Information provided =>

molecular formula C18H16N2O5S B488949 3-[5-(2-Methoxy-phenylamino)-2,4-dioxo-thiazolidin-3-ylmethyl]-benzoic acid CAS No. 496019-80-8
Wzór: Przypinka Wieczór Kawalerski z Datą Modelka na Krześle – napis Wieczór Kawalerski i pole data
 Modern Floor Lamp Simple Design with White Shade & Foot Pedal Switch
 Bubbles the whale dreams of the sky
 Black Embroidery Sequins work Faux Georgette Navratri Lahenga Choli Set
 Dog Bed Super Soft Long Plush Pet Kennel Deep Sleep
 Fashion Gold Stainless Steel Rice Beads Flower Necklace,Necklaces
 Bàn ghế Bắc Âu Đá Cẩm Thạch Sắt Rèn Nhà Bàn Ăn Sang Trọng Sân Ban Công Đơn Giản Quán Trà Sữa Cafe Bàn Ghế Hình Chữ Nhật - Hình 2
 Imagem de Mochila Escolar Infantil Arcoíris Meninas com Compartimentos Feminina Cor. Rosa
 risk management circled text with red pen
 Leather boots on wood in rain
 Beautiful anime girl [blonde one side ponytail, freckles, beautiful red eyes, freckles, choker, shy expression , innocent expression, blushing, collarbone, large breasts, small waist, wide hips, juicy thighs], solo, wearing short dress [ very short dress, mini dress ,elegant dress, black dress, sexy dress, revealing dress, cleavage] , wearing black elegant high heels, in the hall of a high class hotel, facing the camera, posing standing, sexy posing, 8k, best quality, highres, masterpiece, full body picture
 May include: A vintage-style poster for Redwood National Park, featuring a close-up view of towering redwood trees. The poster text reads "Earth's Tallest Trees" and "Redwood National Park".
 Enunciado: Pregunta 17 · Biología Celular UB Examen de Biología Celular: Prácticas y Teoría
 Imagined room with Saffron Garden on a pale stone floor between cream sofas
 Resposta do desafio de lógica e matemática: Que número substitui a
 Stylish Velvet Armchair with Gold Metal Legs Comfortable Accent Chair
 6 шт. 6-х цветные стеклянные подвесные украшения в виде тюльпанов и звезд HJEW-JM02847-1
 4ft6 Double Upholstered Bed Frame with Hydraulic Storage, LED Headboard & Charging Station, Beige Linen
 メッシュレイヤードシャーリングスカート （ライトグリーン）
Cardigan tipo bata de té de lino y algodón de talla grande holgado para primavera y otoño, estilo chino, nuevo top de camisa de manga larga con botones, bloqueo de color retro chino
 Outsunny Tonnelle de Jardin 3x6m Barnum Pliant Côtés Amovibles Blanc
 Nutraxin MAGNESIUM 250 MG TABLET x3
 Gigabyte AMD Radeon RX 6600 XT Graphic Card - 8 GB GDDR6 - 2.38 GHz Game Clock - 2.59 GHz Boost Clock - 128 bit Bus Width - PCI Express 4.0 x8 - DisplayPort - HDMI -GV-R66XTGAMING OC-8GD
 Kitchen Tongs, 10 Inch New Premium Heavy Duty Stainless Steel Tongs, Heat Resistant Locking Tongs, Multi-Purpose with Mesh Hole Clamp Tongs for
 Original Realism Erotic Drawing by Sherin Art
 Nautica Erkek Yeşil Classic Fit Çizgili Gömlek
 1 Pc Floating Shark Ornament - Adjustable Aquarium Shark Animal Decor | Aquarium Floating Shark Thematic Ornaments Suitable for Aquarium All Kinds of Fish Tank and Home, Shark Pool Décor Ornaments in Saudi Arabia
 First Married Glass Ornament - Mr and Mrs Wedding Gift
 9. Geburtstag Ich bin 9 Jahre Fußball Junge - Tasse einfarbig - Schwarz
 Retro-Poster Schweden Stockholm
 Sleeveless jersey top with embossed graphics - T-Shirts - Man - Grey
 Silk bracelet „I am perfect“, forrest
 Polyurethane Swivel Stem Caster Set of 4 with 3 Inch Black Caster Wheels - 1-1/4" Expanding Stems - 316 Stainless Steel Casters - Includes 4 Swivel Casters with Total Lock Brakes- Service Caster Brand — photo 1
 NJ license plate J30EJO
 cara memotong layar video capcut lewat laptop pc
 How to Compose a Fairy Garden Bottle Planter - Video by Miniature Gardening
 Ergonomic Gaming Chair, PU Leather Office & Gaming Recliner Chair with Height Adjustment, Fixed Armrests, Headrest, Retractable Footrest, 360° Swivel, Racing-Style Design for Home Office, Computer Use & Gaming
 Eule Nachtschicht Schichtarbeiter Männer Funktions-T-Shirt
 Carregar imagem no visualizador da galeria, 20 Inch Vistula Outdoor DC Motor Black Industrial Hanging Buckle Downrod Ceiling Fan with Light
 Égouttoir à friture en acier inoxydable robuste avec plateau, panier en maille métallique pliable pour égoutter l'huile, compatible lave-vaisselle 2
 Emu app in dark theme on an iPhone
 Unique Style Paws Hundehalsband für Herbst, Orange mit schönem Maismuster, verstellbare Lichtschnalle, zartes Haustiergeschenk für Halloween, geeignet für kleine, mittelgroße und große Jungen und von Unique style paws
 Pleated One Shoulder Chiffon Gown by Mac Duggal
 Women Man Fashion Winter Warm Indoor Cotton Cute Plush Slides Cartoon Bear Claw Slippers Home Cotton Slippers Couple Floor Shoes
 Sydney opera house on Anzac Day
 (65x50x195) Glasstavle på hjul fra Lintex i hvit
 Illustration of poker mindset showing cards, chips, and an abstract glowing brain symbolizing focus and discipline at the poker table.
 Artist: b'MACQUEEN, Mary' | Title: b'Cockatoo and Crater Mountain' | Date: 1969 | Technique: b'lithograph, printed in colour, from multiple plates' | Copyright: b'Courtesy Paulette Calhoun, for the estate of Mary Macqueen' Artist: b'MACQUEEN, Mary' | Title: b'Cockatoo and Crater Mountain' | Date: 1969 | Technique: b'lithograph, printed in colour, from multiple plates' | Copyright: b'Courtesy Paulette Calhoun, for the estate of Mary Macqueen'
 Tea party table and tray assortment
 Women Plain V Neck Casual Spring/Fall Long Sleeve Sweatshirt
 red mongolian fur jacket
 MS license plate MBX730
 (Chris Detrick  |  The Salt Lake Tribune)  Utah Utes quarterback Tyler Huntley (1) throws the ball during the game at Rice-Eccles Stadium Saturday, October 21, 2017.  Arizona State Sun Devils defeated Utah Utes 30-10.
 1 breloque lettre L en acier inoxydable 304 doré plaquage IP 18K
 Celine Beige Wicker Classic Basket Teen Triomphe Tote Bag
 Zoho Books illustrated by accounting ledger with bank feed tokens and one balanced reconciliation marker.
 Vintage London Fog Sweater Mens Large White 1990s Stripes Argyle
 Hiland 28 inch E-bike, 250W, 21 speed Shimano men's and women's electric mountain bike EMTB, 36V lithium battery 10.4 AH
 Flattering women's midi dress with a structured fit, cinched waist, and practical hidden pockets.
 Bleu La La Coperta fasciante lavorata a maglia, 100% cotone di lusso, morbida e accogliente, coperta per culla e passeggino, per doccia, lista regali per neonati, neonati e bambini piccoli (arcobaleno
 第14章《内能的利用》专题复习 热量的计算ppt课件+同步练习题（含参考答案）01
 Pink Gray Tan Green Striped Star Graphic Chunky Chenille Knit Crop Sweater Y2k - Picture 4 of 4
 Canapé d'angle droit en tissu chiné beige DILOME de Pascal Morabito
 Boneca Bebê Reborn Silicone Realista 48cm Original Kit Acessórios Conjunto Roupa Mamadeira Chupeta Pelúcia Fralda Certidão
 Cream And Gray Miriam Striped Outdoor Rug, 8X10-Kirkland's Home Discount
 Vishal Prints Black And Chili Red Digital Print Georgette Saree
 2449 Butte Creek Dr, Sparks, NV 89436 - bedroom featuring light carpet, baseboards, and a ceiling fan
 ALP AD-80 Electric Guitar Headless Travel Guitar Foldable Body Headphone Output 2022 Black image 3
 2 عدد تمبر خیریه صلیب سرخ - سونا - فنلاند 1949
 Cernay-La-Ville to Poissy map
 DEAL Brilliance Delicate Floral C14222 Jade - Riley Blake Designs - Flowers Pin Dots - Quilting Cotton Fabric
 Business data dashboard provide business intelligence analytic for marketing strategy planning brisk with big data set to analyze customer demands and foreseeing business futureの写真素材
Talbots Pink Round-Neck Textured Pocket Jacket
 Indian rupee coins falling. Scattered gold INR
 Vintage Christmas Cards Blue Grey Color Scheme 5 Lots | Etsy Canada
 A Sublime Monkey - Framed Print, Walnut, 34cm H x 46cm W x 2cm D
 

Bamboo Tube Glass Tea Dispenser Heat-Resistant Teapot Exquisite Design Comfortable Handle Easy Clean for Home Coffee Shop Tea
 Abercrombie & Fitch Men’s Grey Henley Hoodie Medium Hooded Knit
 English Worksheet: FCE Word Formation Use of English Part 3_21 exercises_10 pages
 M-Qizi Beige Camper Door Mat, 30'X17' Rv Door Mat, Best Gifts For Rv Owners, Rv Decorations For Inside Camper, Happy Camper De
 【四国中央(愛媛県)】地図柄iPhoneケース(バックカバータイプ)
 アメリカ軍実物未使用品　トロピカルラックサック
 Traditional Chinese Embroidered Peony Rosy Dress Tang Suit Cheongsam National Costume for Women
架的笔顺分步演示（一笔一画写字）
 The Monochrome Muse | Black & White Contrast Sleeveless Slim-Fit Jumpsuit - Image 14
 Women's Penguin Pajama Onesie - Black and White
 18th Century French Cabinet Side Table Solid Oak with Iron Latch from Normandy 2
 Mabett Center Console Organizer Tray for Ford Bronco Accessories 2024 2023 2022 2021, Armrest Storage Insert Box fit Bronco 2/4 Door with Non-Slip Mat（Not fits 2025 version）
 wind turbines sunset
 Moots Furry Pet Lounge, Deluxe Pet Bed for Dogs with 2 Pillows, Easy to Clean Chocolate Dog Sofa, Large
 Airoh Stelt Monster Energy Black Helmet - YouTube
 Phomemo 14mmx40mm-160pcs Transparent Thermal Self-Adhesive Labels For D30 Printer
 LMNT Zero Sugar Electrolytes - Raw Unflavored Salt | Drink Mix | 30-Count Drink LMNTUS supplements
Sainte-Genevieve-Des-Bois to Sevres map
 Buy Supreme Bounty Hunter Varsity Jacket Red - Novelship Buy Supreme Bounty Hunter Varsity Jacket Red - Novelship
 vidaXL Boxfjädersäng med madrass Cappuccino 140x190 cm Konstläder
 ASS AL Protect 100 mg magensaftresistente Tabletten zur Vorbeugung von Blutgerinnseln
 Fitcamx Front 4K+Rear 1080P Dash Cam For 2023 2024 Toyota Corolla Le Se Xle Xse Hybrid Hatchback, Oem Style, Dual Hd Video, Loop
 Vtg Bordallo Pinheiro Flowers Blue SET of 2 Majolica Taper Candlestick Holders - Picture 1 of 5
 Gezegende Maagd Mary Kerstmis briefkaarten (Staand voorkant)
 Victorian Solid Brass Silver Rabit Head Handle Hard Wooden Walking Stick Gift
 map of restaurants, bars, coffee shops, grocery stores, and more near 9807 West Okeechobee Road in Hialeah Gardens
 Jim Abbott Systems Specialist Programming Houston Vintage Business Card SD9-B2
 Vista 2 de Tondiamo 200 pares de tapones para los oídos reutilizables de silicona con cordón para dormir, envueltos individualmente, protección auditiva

Instructions for the task => Print, without alteration, only the lines above between the one holding "メッシュレイヤードシャーリングスカート （ライトグリーン）" and the one holding "Original Realism Erotic", inclusive.

Exercise output =>
 メッシュレイヤードシャーリングスカート （ライトグリーン）
Cardigan tipo bata de té de lino y algodón de talla grande holgado para primavera y otoño, estilo chino, nuevo top de camisa de manga larga con botones, bloqueo de color retro chino
 Outsunny Tonnelle de Jardin 3x6m Barnum Pliant Côtés Amovibles Blanc
 Nutraxin MAGNESIUM 250 MG TABLET x3
 Gigabyte AMD Radeon RX 6600 XT Graphic Card - 8 GB GDDR6 - 2.38 GHz Game Clock - 2.59 GHz Boost Clock - 128 bit Bus Width - PCI Express 4.0 x8 - DisplayPort - HDMI -GV-R66XTGAMING OC-8GD
 Kitchen Tongs, 10 Inch New Premium Heavy Duty Stainless Steel Tongs, Heat Resistant Locking Tongs, Multi-Purpose with Mesh Hole Clamp Tongs for
 Original Realism Erotic Drawing by Sherin Art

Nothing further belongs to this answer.